Nicolene Le Roux, Department of Paediatrics & Neonatology, New Somerset Hospital, Cape Town
James Nuttall, Department of Paediatrics & Child Health, University of Cape Town & Red Cross War Memorial Children’s Hospital, Cape Town
A 24-year-old woman presented to a Cape Town hospital-based antenatal clinic in May 2021 during her 2nd pregnancy at 24 weeks gestational age (GA). Her prior obstetric history reflected that she had booked her pregnancy at a local primary healthcare facility in January 2021, and there was 1 prior pregnancy complicated by a 2nd trimester miscarriage in November 2018.
She was known to be HIV-infected since early childhood and presumed to have vertically-acquired HIV infection from her own mother who allegedly died during her infancy of HIV-related illness. She was started on an unknown antiretroviral therapy (ART) regimen in 1998 at a hospital in Bulawayo, Zimbabwe as a child and continued to intermittently access ART for the next 20 years. Self-reported adherence to ART during childhood and adolescence was sub-optimal with multiple periods of treatment interruption due to frequent change of caregivers.
Her last known ART regimen consisted of abacavir (ABC) + lamivudine (3TC) + ritonavir-boosted atazanavir (ATV/r). The patient relocated to South Africa during 2018 where she presented to a local primary healthcare facility and was continued on this ART regimen. Unfortunately no medication history or laboratory records prior to 2018 were available.
She previously reported significant
adherence difficulties indicating that she was taking her medication less than
60% of the time that she related to her not having disclosed her HIV status to
her life-partner. Since June 2021, she self-reported 100% adherence to ART despite
still not having disclosed her HIV status to her life-partner. Her HIV-1 RNA
copies/mL results and other relevant results are shown in Table 1.
ABC, abacavir; 3TC, lamivudine; ATV/r, atazanavir/ritonavir
The persistently unsuppressed HIV viral load in this patient may have been due to poor adherence to her ART regimen, resistance to one or more of the ARV drugs in her treatment regimen, or, most likely, a combination of both factors. Undiagnosed opportunistic infections may also contribute to an unsuppressed HIV viral load but there was no evidence of this in this patient.
She had genotypic HIV-1 drug resistance testing performed on
16/7/2021 during her 3rd trimester of pregnancy which revealed extensive
drug resistance mutations in both the reverse transcriptase and protease genes.
The results are summarised in Table 2.
Following availability of the HIV resistance test results at 37 weeks gestation of pregnancy, the patient was immediately changed to an ART regimen consisting of ritonavir-boosted darunavir (DRV/r) + tenofovir/lamivudine/dolutegravir (TLD) according to the Western Cape third line ART committee algorithm.

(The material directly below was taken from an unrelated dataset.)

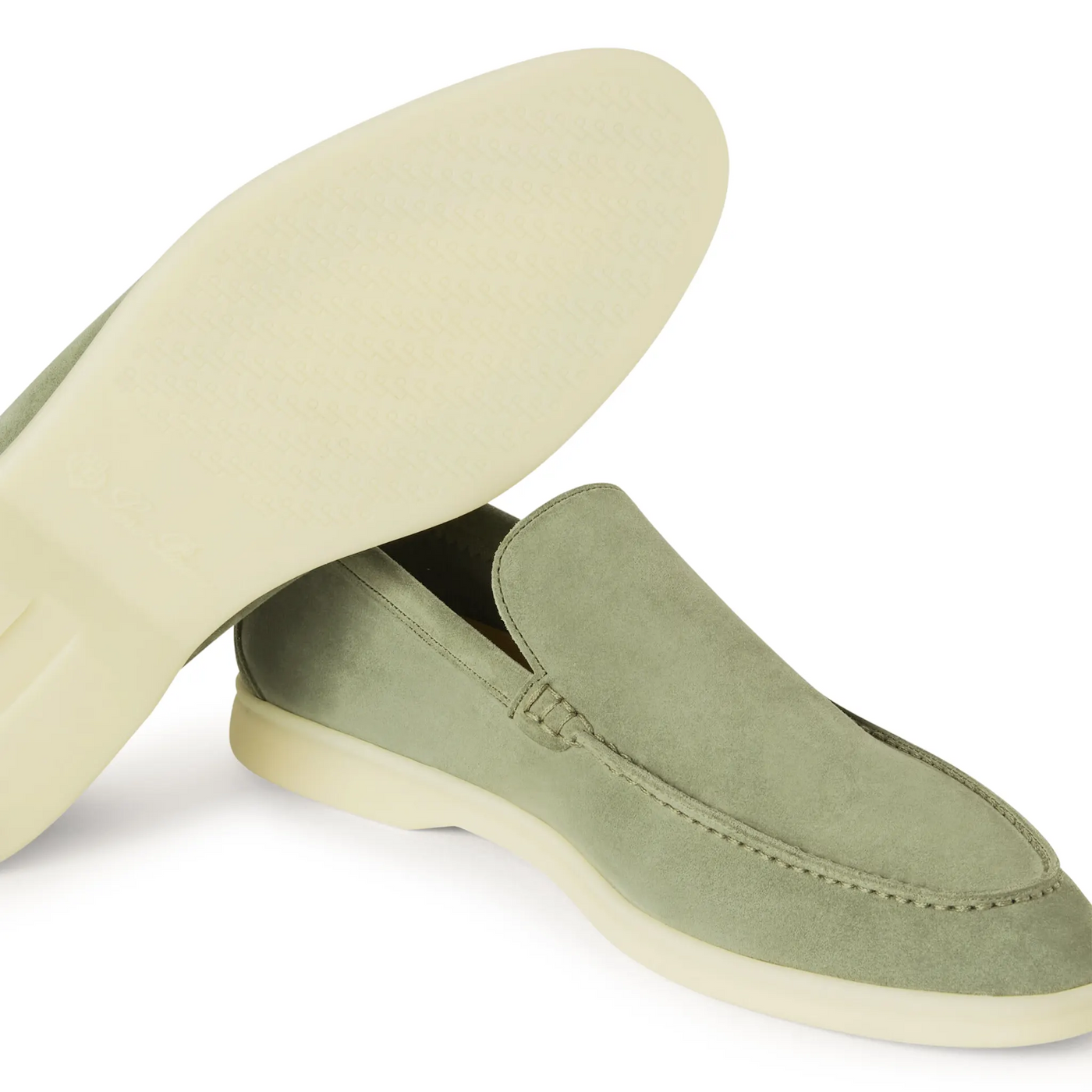 Mocassins Daim — Vert — vue 5 | COMOCLO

In light of the extensive ARV drug resistance in the mother, there was some uncertainty as to what would be the most appropriate infant ARV prophylaxis regimen to administer to the infant after delivery. In consultation, the decision was taken to provide a modified high-risk transmission regimen comprising zidovudine (AZT), 3TC and raltegravir (RAL). We successfully applied to the South African Health Products Regulatory Authority (SAHPRA) and obtained Section 21 approval for the use of RAL granules for oral suspension (not registered in SA) and attempted to obtain donation of this formulation from the manufacturer on a compassionate access basis, however the timelines between HIV drug resistance report and delivery did not allow for successful importation of the formulation in time. Hence, we elected to use the 25 mg chewable RAL tablets dispersed in water and calculate dosing by extrapolating dosing guidelines for RAL granules for oral suspension recommended for infants <4 weeks of age.
Elective caesarean section delivery in the setting of high HIV-1 RNA was offered to the patient and declined as she was not prepared to explain the reasoning to her undisclosed partner.
The mother presented at 39 weeks + 5 days gestation in active labour and reported 100% adherence to her new ART regimen in the interim. The patient consented to emergency caesarean section following poor progress in active labour.
A well female infant was delivered and had HIV-1 polymerase chain reaction (PCR) testing performed shortly after birth. The mother was counselled on feeding options and risks and elected to formula feed the infant to avoid the potential risk of postpartum transmission of multi-drug resistant HIV if she were to breastfeed. The formula milk feeds were provided via the dietetics nutritional therapeutic programme. The infant was initiated on the day of delivery on AZT, 3TC and RAL as prophylaxis against intrapartum HIV transmission.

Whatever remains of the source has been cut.